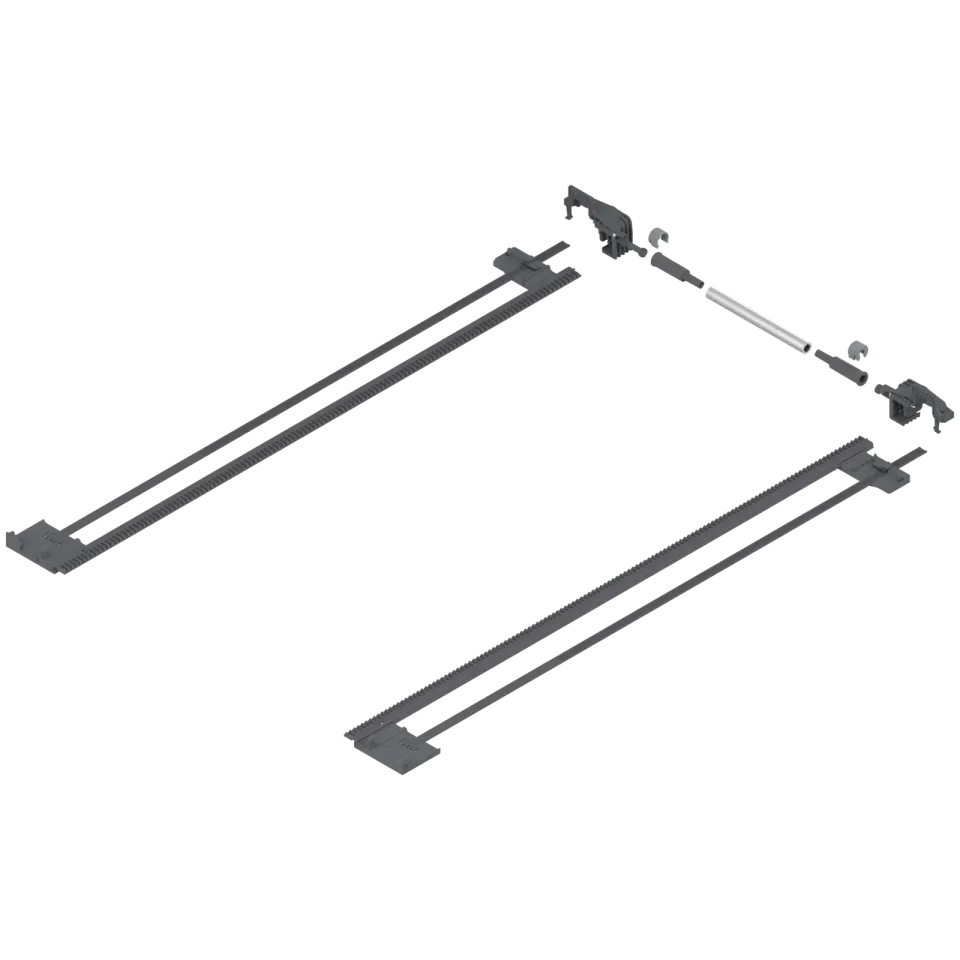 TANDEM/PLICOBOX боковий стабілізатор, НД=600 мм, ШК=1400 мм, повний висув, під розкрій, R737 - темно сірий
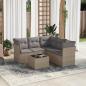 Preview: ARDEBO.de - 6-tlg. Garten-Sofagarnitur mit Kissen Beige Poly Rattan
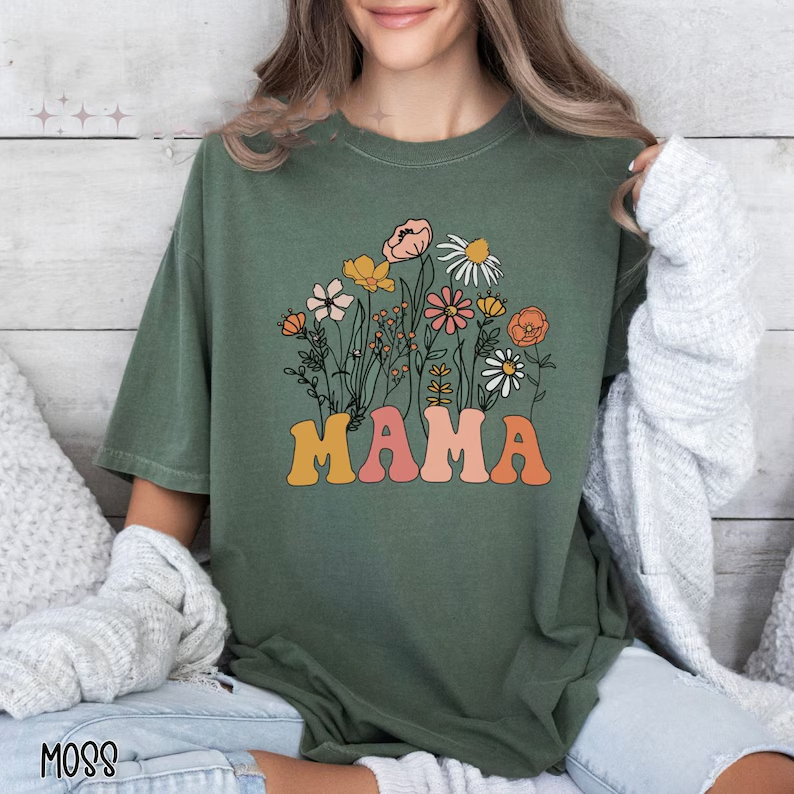 Retro Mama Shirt, Wildflowers Mama Shirt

What is needed
Without altering anything, output all the lines above but none of the images.

Response to the task
 TANDEM/PLICOBOX боковий стабілізатор, НД=600 мм, ШК=1400 мм, повний висув, під розкрій, R737 - темно сірий
 Preview: ARDEBO.de - 6-tlg. Garten-Sofagarnitur mit Kissen Beige Poly Rattan
 Retro Mama Shirt, Wildflowers Mama Shirt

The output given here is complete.